Those of you who know me well know I am not really a `ggplot2`

type of guy. Not because I do not think that it is good work—I would be an idiot to claim that probably the most downloaded package in the history of CRAN is not good—but because I predate both Hadley and `ggplot2`

(yes I admit it, I am a dinosaur now) I can do most of what I want in base R. However, there are times in exploratory data analysis where going the `ggplot2`

route makes more sense. One situation where that happens for me is when I am fitting linear models with a mixture of continuous explanatory variables and factors. Some people have an old-fashioned name for this situation—but really repeating that name would be a get-burned-at-a-stake type of offence. It is useful when fitting linear models of this type to be able to see the behaviour of the response with respect to a continuous predictor for each combination of the levels of the factors. `ggplot2`

makes it fairly easy to produce this type of plot through its faceting mechanism. It also makes it really to add a fitted line with a pretty confidence interval to each facet. I should say at this point that this is not restricted to linear models, and in fact works for generalised linear models as well, and for semi-parametric models like smoothers. It is cool stuff.
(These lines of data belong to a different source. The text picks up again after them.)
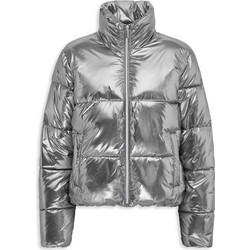 Only Dolly Γυναικείο Μπουφάν Χειμωνιάτικο Puffer Κοντό Ασημί 15330925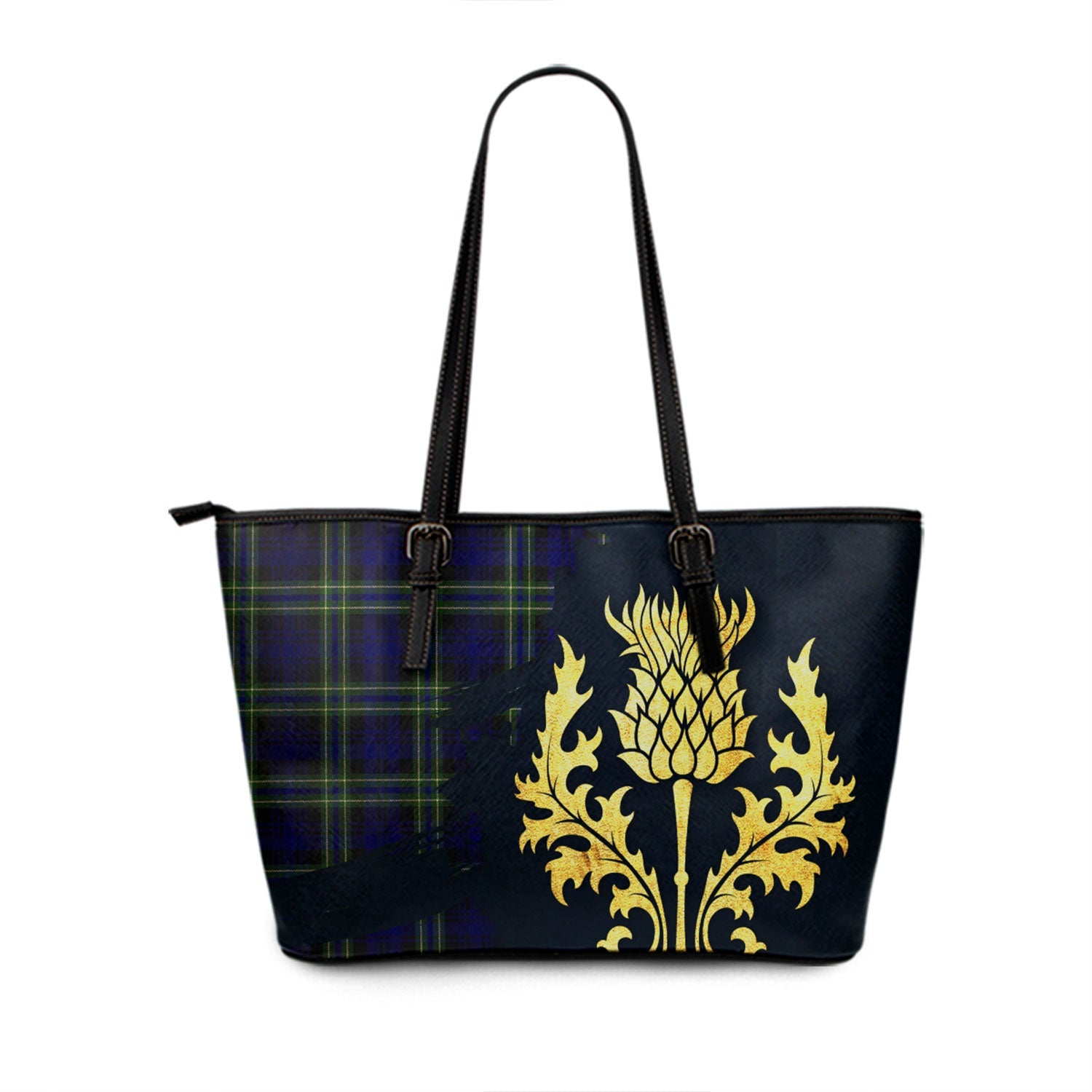 Buchanan Modern Tartan Crest Leather Tote Bag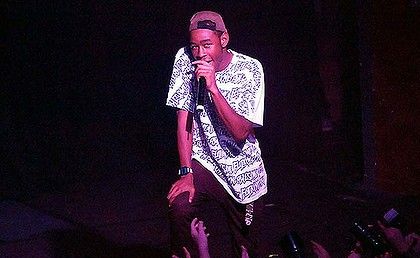 Tyler Okonma on stage in Brisbane. Tyler Okonma on stage in Brisbane.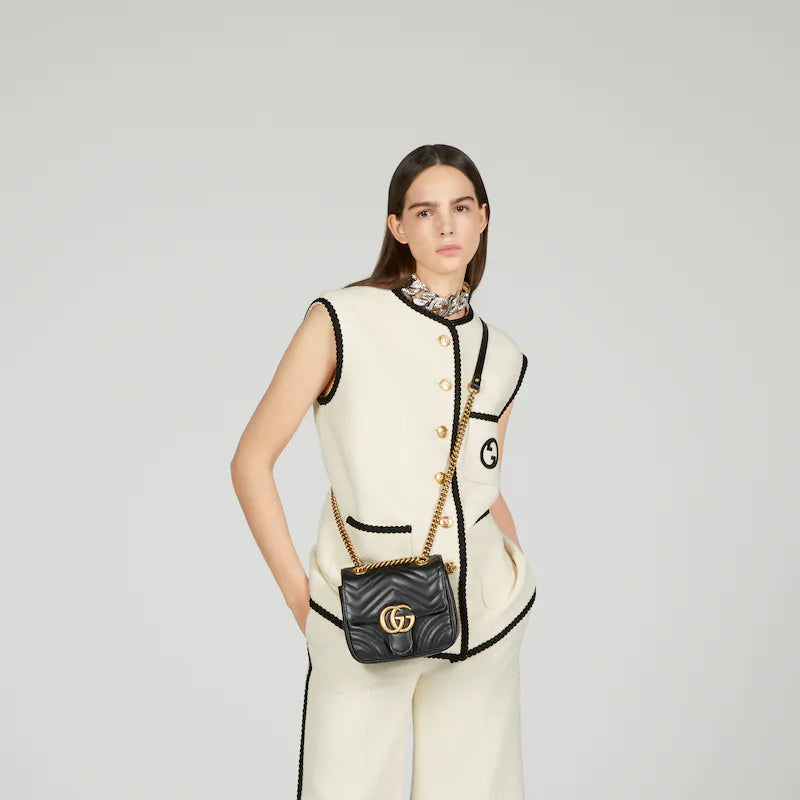 〔GGマーモント〕キルティング ミニ トートバッグ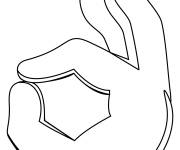 Coloriage Ok symbole de la main stylis&eacute;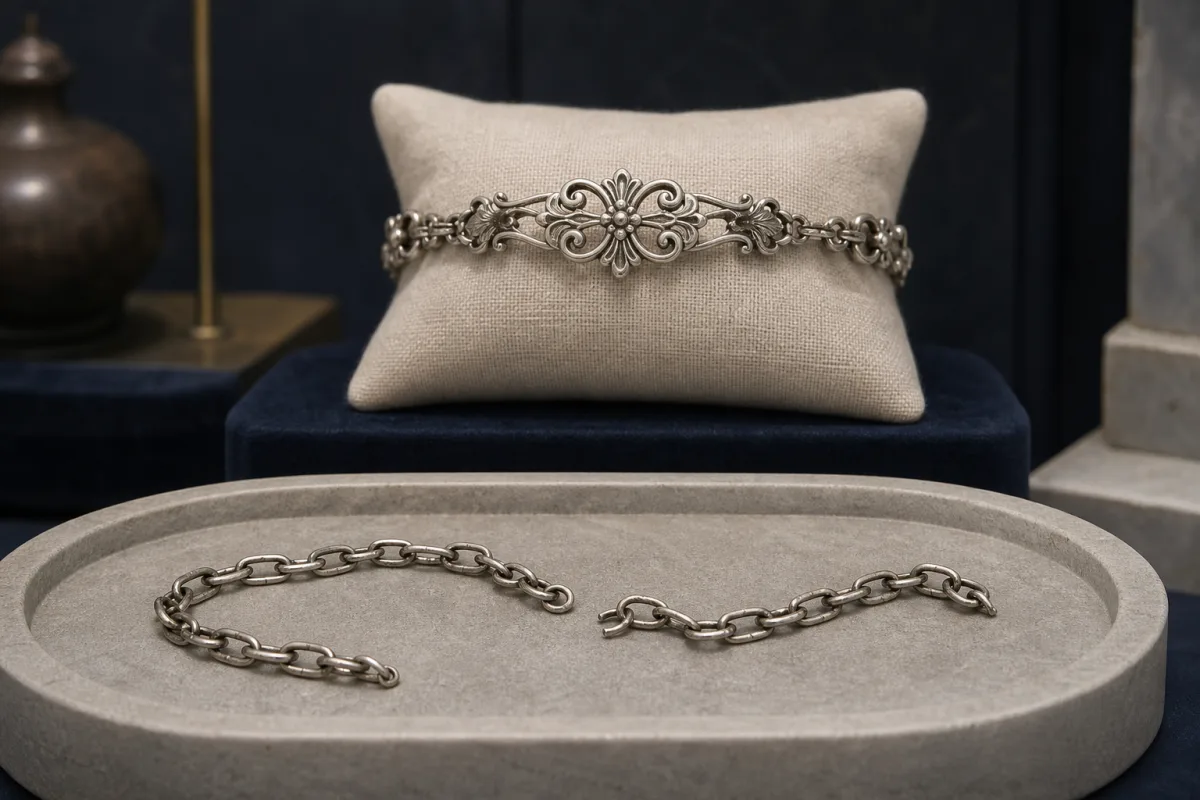 A broken plain silver-toned chain in front of an ornate silver-toned bracelet on a linen cushion.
### I want a pony, and I want it NOW Daddy

This is, as I have said, made easy to do in `ggplot2`

and a half hour of Googling will get you to the point where you can do it with your data. However, I found myself with the following problem. I had a situation where there was a suggestion that an interaction might be significant and so I wanted to explore visually how the fitted models differed with and without interaction. You often find yourself in this situation with tests suggesting the interactions are significant only to find that it is driven by one combination of the factors, or even worse, by a single outlier. Making things explicit, in this problem I was interested in the difference between this model:

$$ Y \sim X * F_1 * F_2 $$

and this model

$$Y \sim X * F_1 + F_2$$

These models are expressed in standard Wilkinson and Rogers notation, where \(Y\) and \(X\) are continuous, and \(F_1\) and \(F_2\) are factors. However, the same issues arise if we are interested in

$$ Y \sim X * F $$

and this model

$$ Y \sim X + F $$

The only difference is that the different levels of the factor \(F\) can be represented on a single row—if there are not too many levels—or in a wrapped facet plot if there are quite a few levels.

### We need some data

The data in this post come from Hand, D.J., Daly, F., Lunn, A.D., McConway, K.J. & Ostrowski, E. (1994). *A Handbook of Small Data Sets* Boca Raton, Florida: Chapman and Hall/CRC. The data try to relate the mortality in UK towns and cities—measured as deaths per 100,000 head of population—to the hardness of the water—measured by calcium concentration (in parts-per-million = ppm). The original authors also had the theory that this relationship changed when the town or city was in “The North.” I have always found the English concept of “Up North” rather bizarre. As you leave the outskirts of London you start seeing road signs telling you how far it is to “The North.” In this data set, “The North” is defined as being north of the English city of Derby. The data is available here: water.csv.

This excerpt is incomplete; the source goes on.